Passaic NJ recovery court graduates celebrate escape from addiction

PATERSON — After losing custody of her daughter and spending three years in prison, Jennifer Pacifico said, she finally quit drugs through the help of Passaic County’s recovery court program.

“I finally said to myself, ‘I’m getting too old to keep on going on this way,’ ” Pacifico, 46, said last week.

Pacifico was one of 40 people who celebrated their graduation from the recovery court program in a ceremony at the auditorium of Passaic County Community College.
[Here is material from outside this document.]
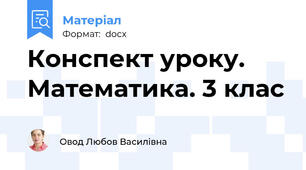 Конспект уроку. Математика. 3 клас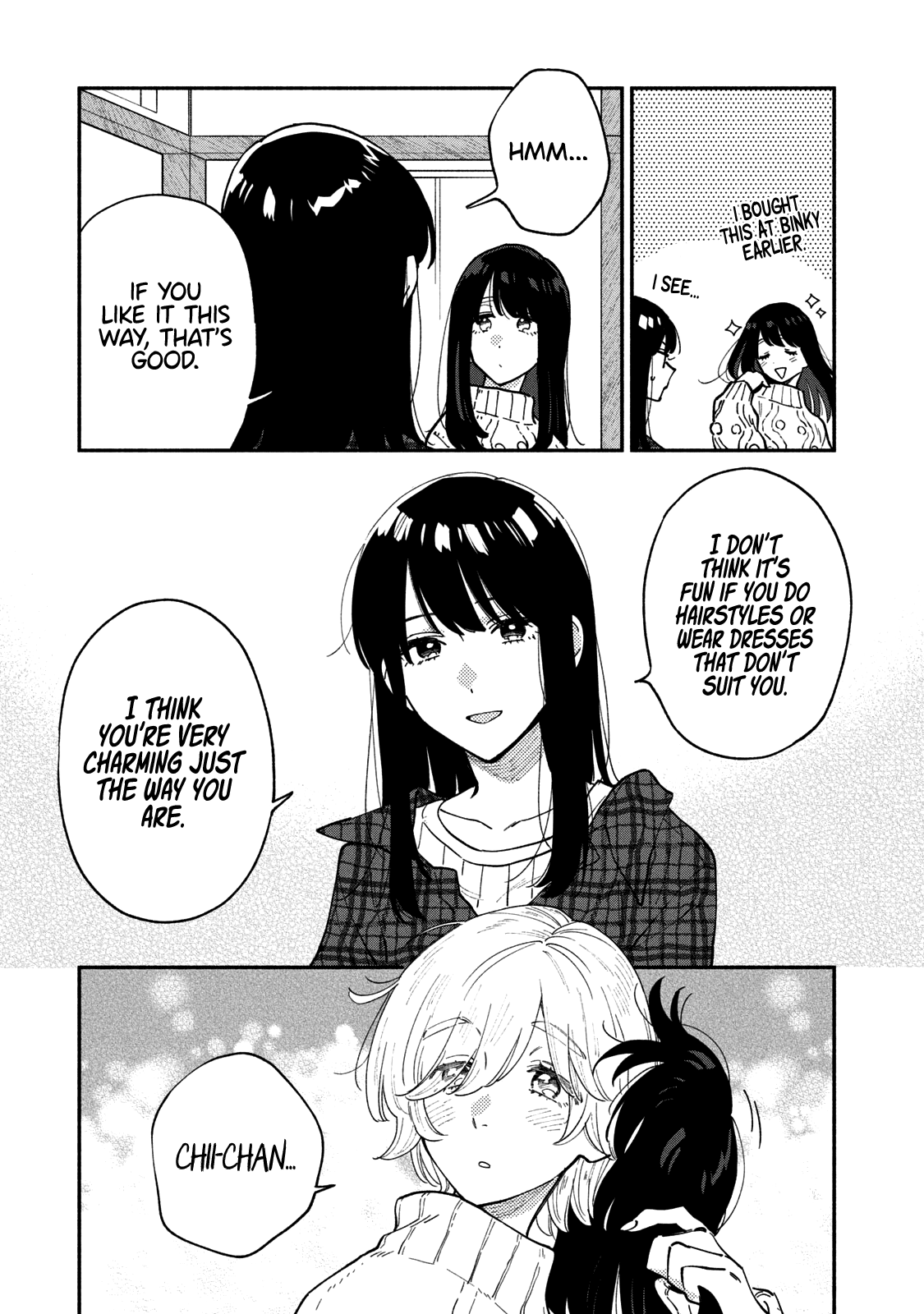 A Rare Marriage: How To Grill Our Love - Chapter 57: Rina-Chan Wants Some Serious Love Advice!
The ceremony started with the traditional commencement march of “Pomp and Circumstance,” though these graduates had overcome far more than the ordinary.

Pacifico and the others received their graduation certificates and spoke to the audience of family members and friends about the demons and difficulties they overcame in fighting their addictions.

New Jersey Superior Court Judge Miguel de la Carrera, who oversees the program, spoke during the event and noted that the initiative had been called “drug court” for three decades before being renamed the recovery court.

“The name was changed because this is about recovery, not drugs,” de la Carrera told the audience.

During the past 30 years, about 4,000 recovery courts in the US have helped about 1.5 million people get their lives on track, the judge said.

“Recovery courts address substance abuse, reduce addiction, improve education, reunite families and help provide housing for those who participate,” de la Carrera told the crowd. “We seek to combat the stigma that is often attached to a marginalized population.”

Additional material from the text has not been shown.